Ces écarts s'expliquent en premier lieu par le fait que les effectifs de surveillants sont répartis selon la capacité théorique des établissements, et non selon la réalité de la population carcérale. De plus, certaines régions peu attractives et les prisons difficiles ont dû mal à fidéliser les personnels dans le temps, si bien que certains établissements demeurent sous-dotés par rapport à d'autres.

Ces disparités dans la charge de détenus impactent nécessairement les conditions de travail des surveillants, qui sont parfois très différentes d'un établissement à l'autre.

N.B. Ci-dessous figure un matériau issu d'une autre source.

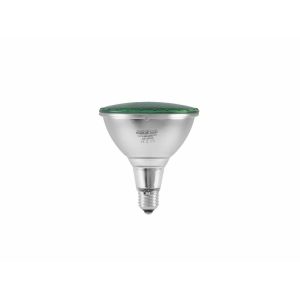 OMNILUX PAR-38 230V SMD 15W E-27 LED green
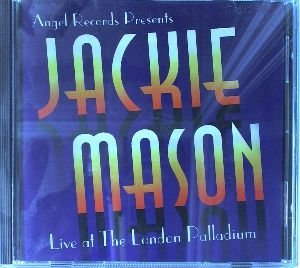 Jackie Mason/In Concert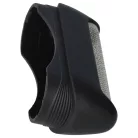 VHBW Shaving Head Braun 11B Replacement - Black/Silver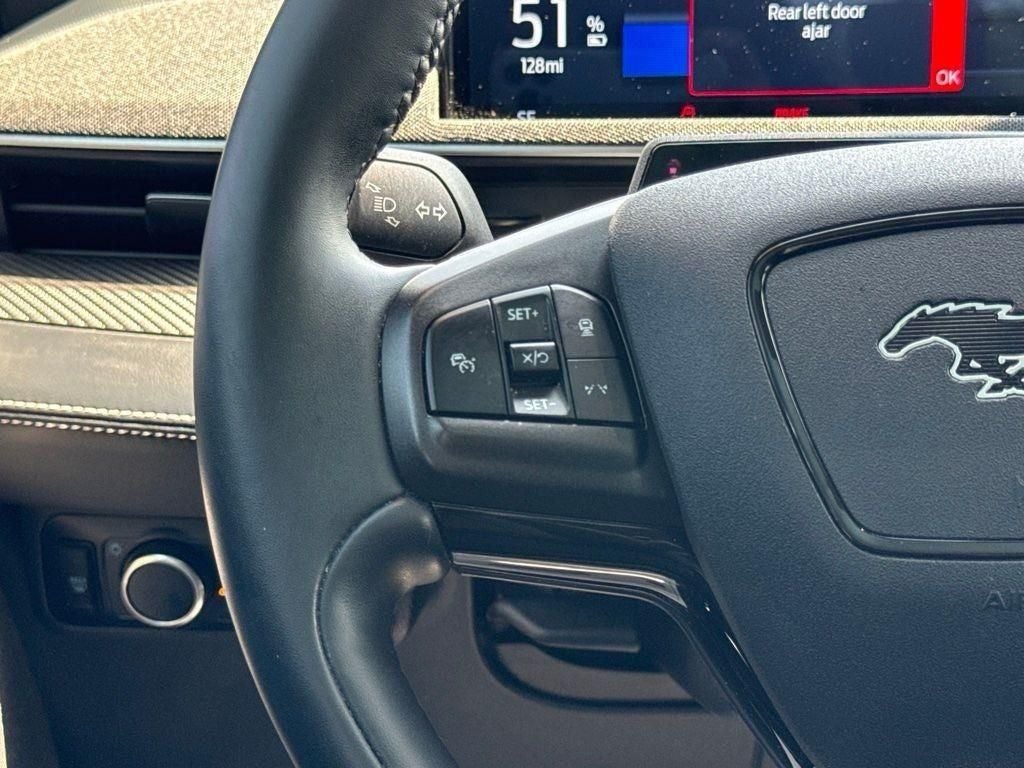 2024 Ford Mustang Mach-E Premium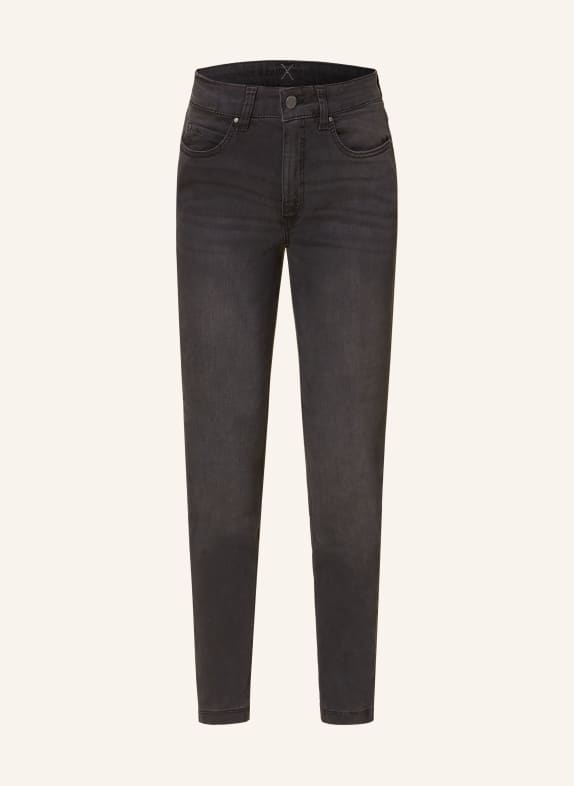 MAC Skinny jeans DREAM D972 anthra fancy wash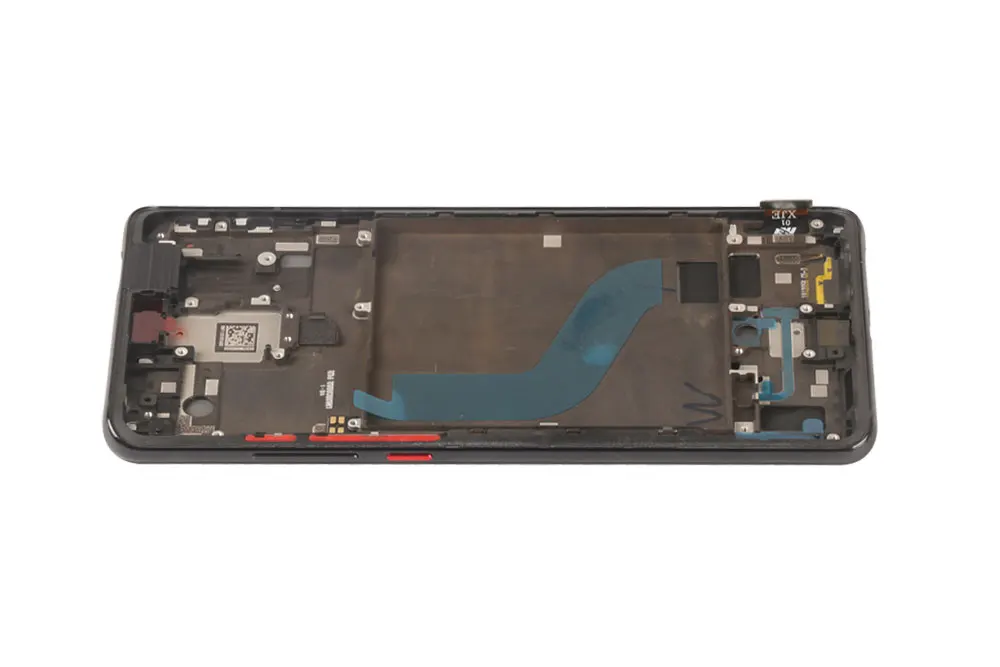 Amoled para mi Substituição da Tela de Toque para Vermelho Lcd + Impressão Tela Display Lcd K20 k 20 Telefone Digital 9 t mi Pro 10 LCDs de celular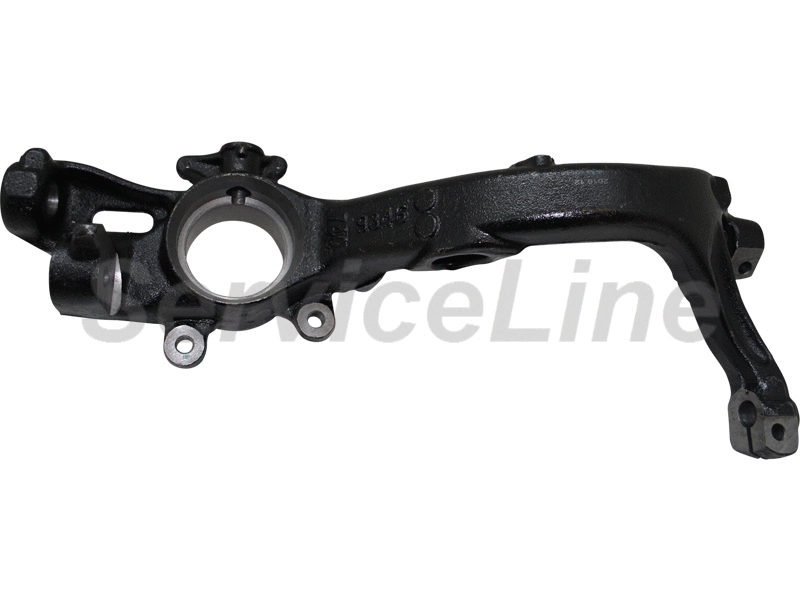 Steering Knuckle, wheel suspension (AF10030)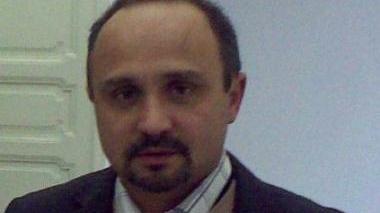 Vittorio Briganti del circolo “Bruno” di Sel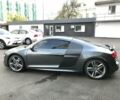 Сірий Ауді R8, об'ємом двигуна 5.2 л та пробігом 13 тис. км за 94900 $, фото 27 на Automoto.ua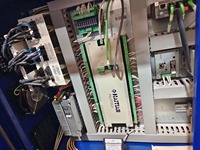 Gebrauchte haitianische 3S 380T 400T 500T 600T horizontale hydraulische Kunststoffspielzeug-Spritz gieß maschine mit Servomotor-SPS-Heiß verkauf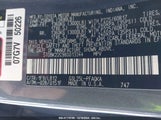 TOYOTA SIENNA XLE 5TDBK22C98S****** снимка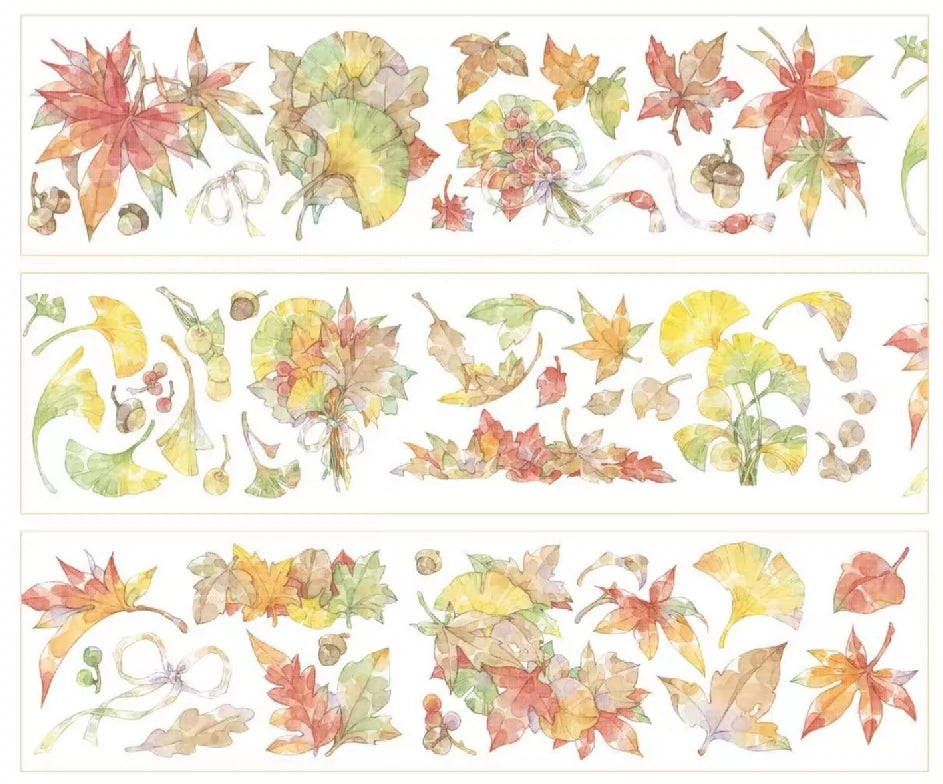 1168-ELEPHANT Studio-4.8x53cm Glossy PET Tape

Certaines prisons comme celle de Fresnes ont ainsi beaucoup de mal à attirer des surveillants candidats à la mutation, et doivent se résoudre à recruter quasi-exclusivement des surveillants-stagiaires, tout juste diplômés de l'Ecole Nationale l'Administration Pénitentiaire.

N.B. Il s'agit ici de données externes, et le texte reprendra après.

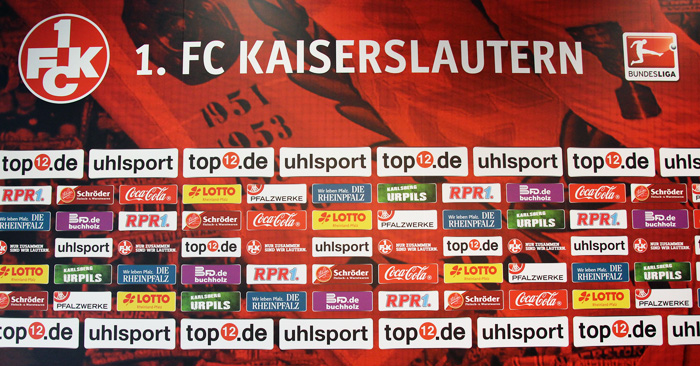 Kreditgeber ermöglicht Etat-Erhöhung beim FCK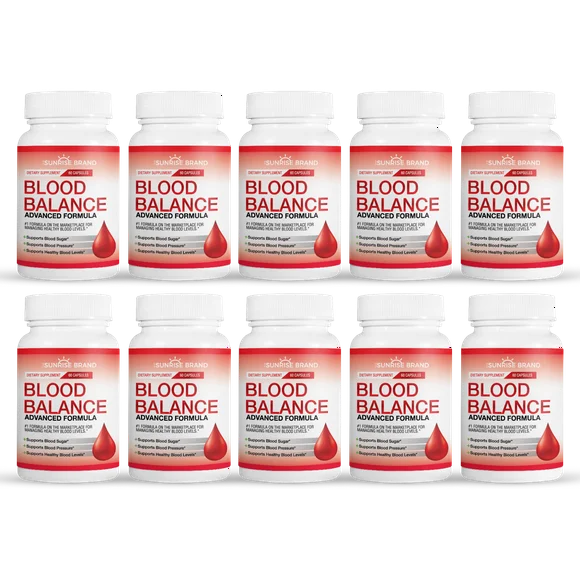 600 Capsules F60334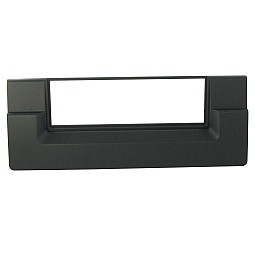 Connects2 CT24BM02 BMW 5 Series E39 X5 CD Car Stereo Fascia Surround Panel Trim Connects2 CT24BM02 BMW 5 Series E39 X5 CD Car Stereo Fascia Surround Panel Trim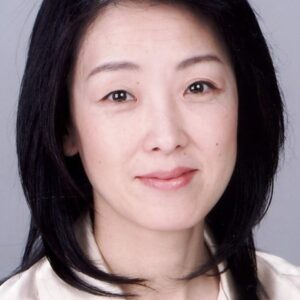 تصویر هنرمند Ikuko Yamamoto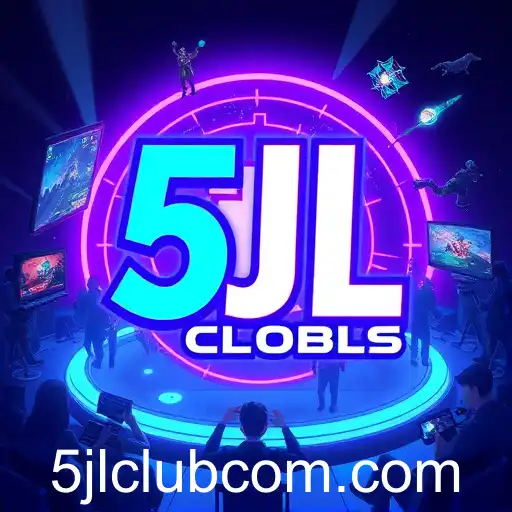 The Rise of 5JL Club in the Gaming World
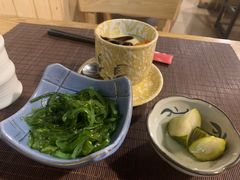 -虹鳗亭(钱湖北路店)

Ces disparités ont aussi des conséquences pour les conditions de détention des détenus. Le manque de surveillants dans un établissement peut entraîner un accès restreint aux parloirs ou aux activités, déshumaniser les rapports entre surveillants et détenus, et laisser plus de place aux agressions et au racket par exemple.

Le personnel en prison : la charge de détenus par personnel administratif

Des disparités similaires se retrouvent concernant la charge des personnels administratifs qui exercent dans les établissements. Là encore, les Maisons d'Arrêt, les Centres de Détention et les Centres Pénitentiaires concentrent les charges de détenus par personnel les plus élevées, et aussi les plus forts écarts au sein d'un même type d'établissement.

Comparaison de la charge des surveillants et des administratifs

Agressions physiques contre le personnel : quels chiffres ?

Les statistiques sur les agressions de détenus à l'encontre du personnel sont parcellaires, changeantes, et donc difficiles à consolider et interpréter - en particulier depuis les années récentes.

Depuis 2015, l'Administration Pénitentiaire indique en effet dans ses Rapports Annuels de Performance (les RAP sont soumis au Parlement et rendus publics) travailler à "la consolidation de ses données en croisant les sources entre les relevés d'incidents des établissements et les déclarations d'ITT faites par les directions interrégionales". Dans ses RAP récents, la DAP a choisi de ne plus fournir de chiffres sur les agressions physiques avec interruption temporaire de travail (ITT), se contentant de fournir des chiffres globaux mélangeant tous les types d'agressions physiques. D'un RAP annuel à l'autre, les indicateurs statistiques changent d'ailleurs. Enfin, l'Administration Pénitentiaire n'a jamais produit de chiffres sur les agressions plus fins qu'à l'échelle nationale (par direction interrégionale voire établissement par exemple). Tous ces éléments empêchent un suivi précis et rigoureux des violences subies par les personnels en détention. Des critiques similaires pourraient d'ailleurs être faites concernant les violences que subissent les détenus.

L'actuel directeur de la DAP Laurent Ridel a souhaité à son arrivée créer un observatoire des violences en détention, dénommé PRINCE. Les données de ce nouveau système d'informations ne sont à ce jour pas connues.

Quel que soit le mode de collecte et ses évolutions dans le temps, il apparait clairement que le métier de surveillant pénitentiaire est fortement exposé au risque de violences physiques, au-delà des agressions verbales.